NBC strike set for today

22 April 2021 | Labour

OGONE TLHAGE

WINDHOEK



Employees of the Namibian Broadcasting Corporation will commence with a strike today and maintain that the corporation negotiated in bad faith and unfairly paid bonuses to several managers.

Employees are demanding a 5.1% salary hike and backpay.

The acting chairperson of the representative committee of the NBC workers' union, Johanes Lengi, said various unsuccessful attempts had been made to avert a strike.

“On Thursday we will strike. We signed the rules on Monday and the notice is already out,” he said earlier this week.

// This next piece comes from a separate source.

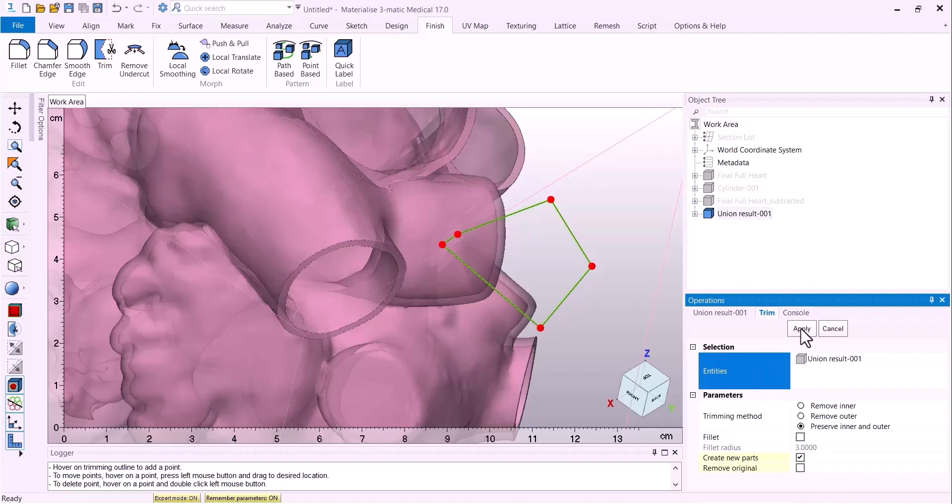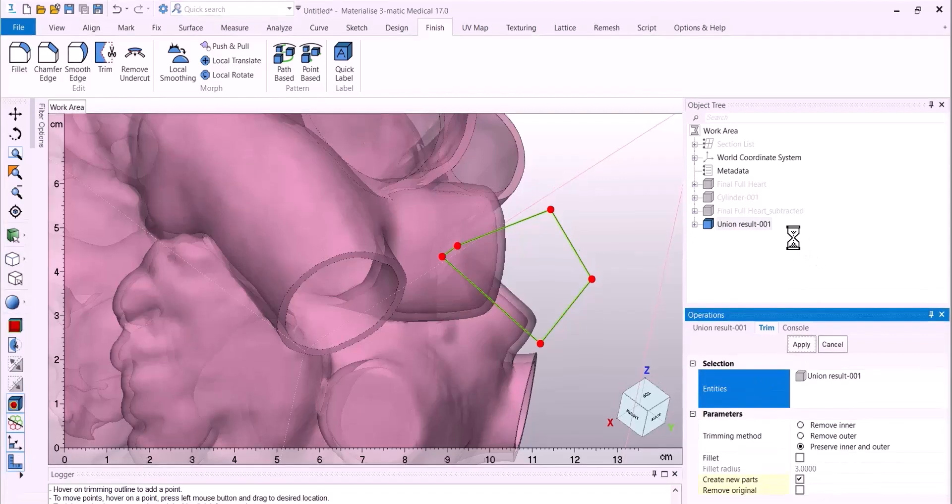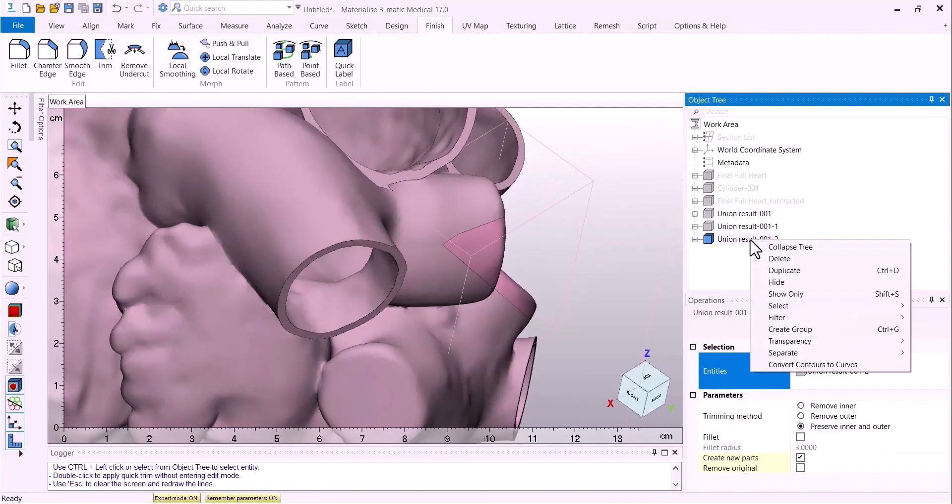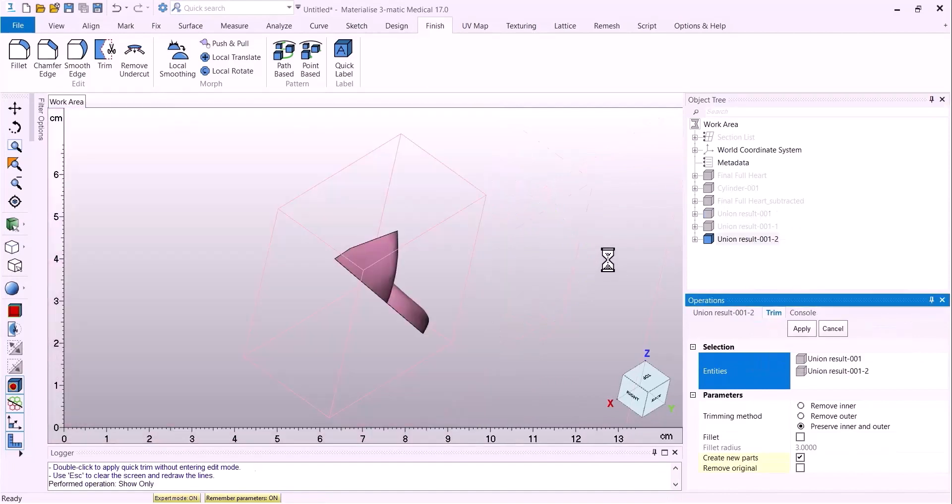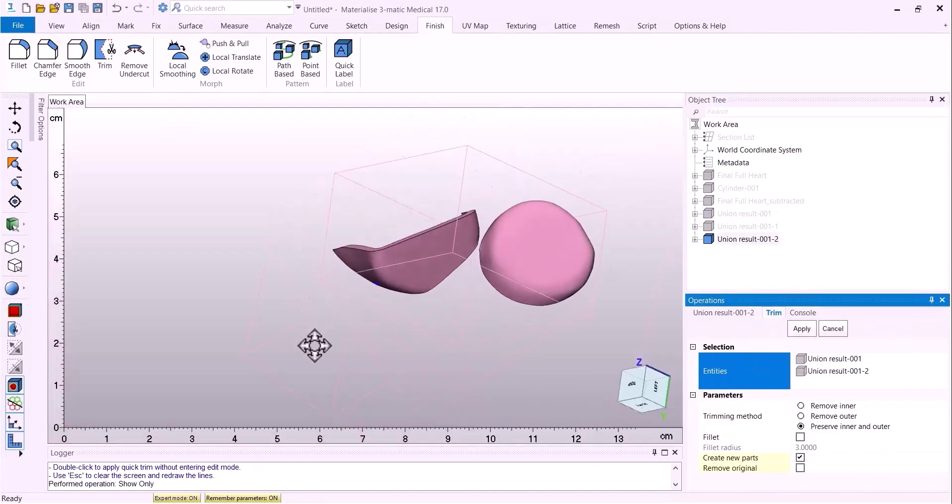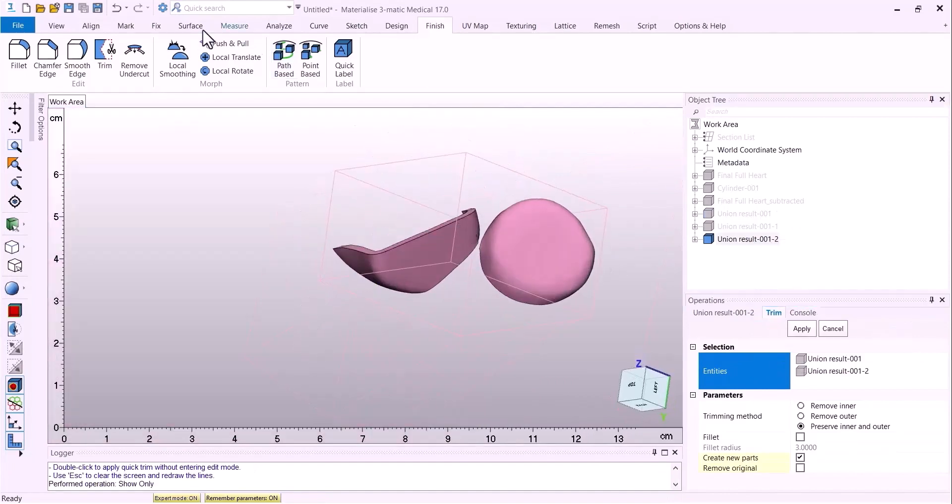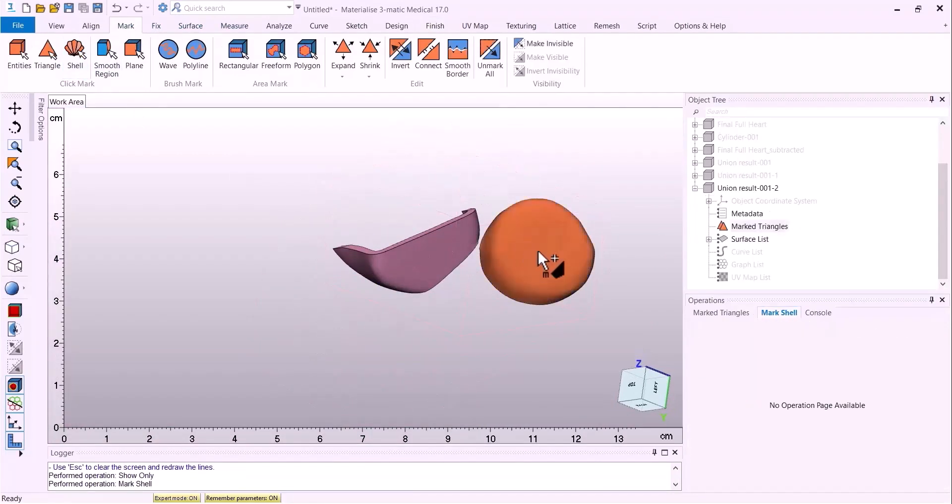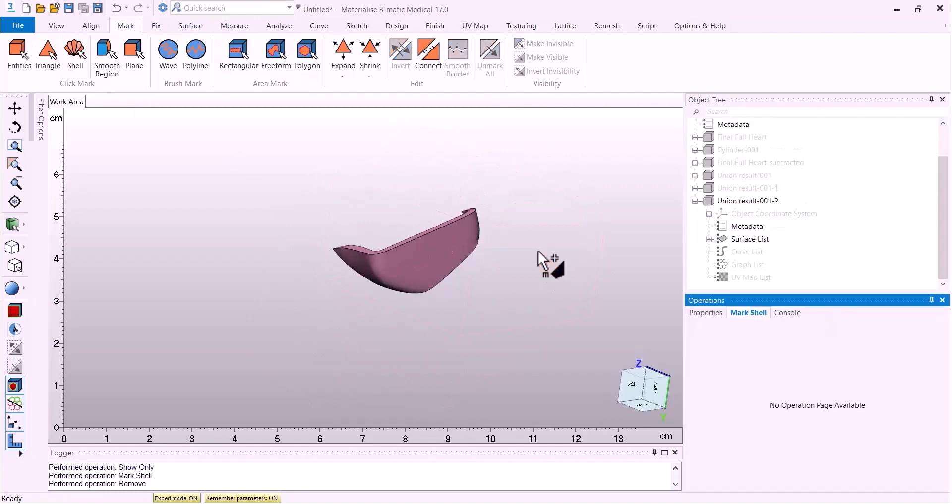With this method, we don't need to make any more trims after the first trim. And we can simply mark and delete the part that we don't want because it's a shell.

The ministry of labour and the NBC had been informed of the pending strike, Lengi said.

Lengi accused NBC director-general (DG) Stanley Similo of not engaging the broadcaster's employees on concerns raised.

“The problem with the DG is we were not engaged … he uses the media. If he wanted a solution, it's not only through the media. The DG never said let's sit around the table. If he thinks we are part and parcel of NBC, we would have sat around the table,” Lengi said.



Bad faith

According to Lengi, employees also questioned why NBC's management had negotiated with employees only to dismiss the decisions made at the meetings.

“Why did they allow people to sit at the negotiating table if they were not mandated,” Lengi said.

Lengi added that management bonuses paid last year and the acquisition of a motor vehicle for the DG showed the opposite of what was said about the corporation's financial constraints.

“They gave themselves those bonuses and bought luxury vehicles. How can you say these things if you give bonuses and go to the extent of buying the DG a luxury car?” he asked.

NBC board chairperson Lazarus Jacobs in February warned that the employees' demands were unjustifiable and that it would place the broadcaster at financial risk.

“There is absolutely no way that the board would put the NBC in financial difficulty and by doing so run the risk of the NBC defaulting on its creditors and statutory payments,” Jacobs said.

“It is therefore the view of the board that any salary increase at this stage is not viable and sustainable.”